Her 11 shutouts were second in WSU history, the second most in the Pac-12 and ninth in Division I and earned her a spot on the All-Pac-12 third team. She also played for the U23 U.S. Women’s National Team in March and earned a 1-0 shutout over the professional Chicago Redstars.
• For the sixth consecutive year, and 15th time in program history, Eastern Washington has received a Team Academic Award from the American Volleyball Coaches Association with a team GPA of 3.53 for the 2017-18 academic year.
Eastern, which had nine players on the Big Sky Conference Fall All-Academic team, is the only area school to receive the award, which requires a minimum team GPA of 3.30.
Letters of intent
Lewis-Clark State men’s track & field/cross country – Sakti Woodbury, Lewiston, 400m/800m/distance; 2018 district 800m champion, third in 800m at 5A State meet, second district cross country, 19th in 5A State cross country.
Rowing
Three former Washington State Cougars had top-five finishes at World Rowing Cup III in Lucerne, Switzerland, last weekend.

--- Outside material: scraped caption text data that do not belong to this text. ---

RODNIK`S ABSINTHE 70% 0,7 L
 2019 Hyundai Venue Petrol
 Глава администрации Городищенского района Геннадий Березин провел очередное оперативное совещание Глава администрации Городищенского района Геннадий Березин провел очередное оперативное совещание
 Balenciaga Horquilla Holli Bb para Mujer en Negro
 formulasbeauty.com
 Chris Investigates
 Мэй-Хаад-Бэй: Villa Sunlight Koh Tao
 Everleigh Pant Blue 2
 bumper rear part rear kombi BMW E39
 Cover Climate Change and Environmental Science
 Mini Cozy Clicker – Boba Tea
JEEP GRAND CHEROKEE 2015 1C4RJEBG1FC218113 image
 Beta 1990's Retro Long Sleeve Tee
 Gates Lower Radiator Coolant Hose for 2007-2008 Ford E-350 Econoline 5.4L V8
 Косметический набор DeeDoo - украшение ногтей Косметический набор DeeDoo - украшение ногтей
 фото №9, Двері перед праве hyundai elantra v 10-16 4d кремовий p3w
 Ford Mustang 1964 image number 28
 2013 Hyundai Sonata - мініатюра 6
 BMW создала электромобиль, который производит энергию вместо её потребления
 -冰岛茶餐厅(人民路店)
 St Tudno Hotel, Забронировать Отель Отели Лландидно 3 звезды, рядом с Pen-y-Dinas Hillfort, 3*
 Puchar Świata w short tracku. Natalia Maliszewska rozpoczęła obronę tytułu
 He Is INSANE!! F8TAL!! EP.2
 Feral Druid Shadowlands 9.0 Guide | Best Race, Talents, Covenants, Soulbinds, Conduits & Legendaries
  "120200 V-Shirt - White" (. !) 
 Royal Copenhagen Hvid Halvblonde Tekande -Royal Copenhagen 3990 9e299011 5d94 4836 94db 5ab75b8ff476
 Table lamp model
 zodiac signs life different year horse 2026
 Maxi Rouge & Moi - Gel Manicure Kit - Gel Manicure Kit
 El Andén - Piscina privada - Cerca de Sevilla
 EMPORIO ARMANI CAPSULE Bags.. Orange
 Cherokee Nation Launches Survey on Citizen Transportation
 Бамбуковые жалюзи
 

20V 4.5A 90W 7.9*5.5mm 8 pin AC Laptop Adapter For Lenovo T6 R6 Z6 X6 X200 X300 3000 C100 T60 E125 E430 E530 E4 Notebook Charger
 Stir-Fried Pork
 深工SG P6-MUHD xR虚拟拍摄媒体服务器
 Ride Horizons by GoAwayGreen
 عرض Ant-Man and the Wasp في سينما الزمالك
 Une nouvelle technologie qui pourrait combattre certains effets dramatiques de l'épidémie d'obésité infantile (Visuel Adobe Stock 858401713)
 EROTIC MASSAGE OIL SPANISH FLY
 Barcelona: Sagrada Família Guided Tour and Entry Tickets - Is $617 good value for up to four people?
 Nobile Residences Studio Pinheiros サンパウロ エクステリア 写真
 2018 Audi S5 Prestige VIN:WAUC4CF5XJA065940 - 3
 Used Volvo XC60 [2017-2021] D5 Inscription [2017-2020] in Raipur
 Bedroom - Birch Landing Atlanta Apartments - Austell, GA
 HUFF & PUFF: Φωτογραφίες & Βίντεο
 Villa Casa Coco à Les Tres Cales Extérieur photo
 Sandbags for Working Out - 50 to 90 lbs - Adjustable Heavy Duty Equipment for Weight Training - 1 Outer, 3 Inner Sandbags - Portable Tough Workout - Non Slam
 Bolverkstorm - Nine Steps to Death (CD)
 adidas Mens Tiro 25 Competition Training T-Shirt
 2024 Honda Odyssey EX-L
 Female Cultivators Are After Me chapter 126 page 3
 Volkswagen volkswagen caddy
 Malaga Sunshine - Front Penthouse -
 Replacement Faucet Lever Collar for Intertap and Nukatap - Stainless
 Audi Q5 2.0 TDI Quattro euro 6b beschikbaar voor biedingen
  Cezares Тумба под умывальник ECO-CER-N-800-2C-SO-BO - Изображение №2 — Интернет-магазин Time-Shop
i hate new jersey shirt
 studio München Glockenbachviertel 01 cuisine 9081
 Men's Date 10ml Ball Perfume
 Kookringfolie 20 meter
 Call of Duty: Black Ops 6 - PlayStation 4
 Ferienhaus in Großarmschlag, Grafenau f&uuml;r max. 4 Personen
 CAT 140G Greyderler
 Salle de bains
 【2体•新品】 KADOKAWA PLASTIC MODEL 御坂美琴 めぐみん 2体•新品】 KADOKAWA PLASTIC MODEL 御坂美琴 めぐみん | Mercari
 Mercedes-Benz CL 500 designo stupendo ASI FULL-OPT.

Nicole Hare (2013-15; 2017) and Lisa Roman (2010-12) were members of the Canadian women’s eight that finished second in the A final. Leva Adomaviciute (2013-15; 2017) was a member of the Lithuania women’s doubles scull that finished fifth in its A final.
Tennis
The Hayden Peak men’s 55+ 8.0 team from Hayden, Idaho, took first place in the USTA League Pacific Northwest doubles championships in Sun River, Oregon, earlier this month, qualifying it for the National 55+ Doubles Championships Oct. 19-21 in Orlando, Florida.
Hayden Peak won two of three round-robin matches to advance to the finals, where it defeated a team from Tacoma 3-0 for the championship.
Team members are John Williams, Cornell Clayton, Tim Qualls, Mark Jackson and Mike Aageson, who play out of Hayden; Tad Brooks and Glen Satre, from the Spokane Club; and Kevin Campbell, formerly of Spokane who lives in Houston.
• Trang Huynh, who put herself in the Washington State women’s tennis record book in her lone season playing for the Cougars, is returning to Pullman as assistant women’s tennis coach.
Huynh’s 32 victories in 2015-16 after transferring from Troy University are tied for third most in a season.
She will replace Robin Cambier on the WSU staff after serving the last two seasons as assistant coach at Northern Illinois, where she obtained her master’s degree in management information systems.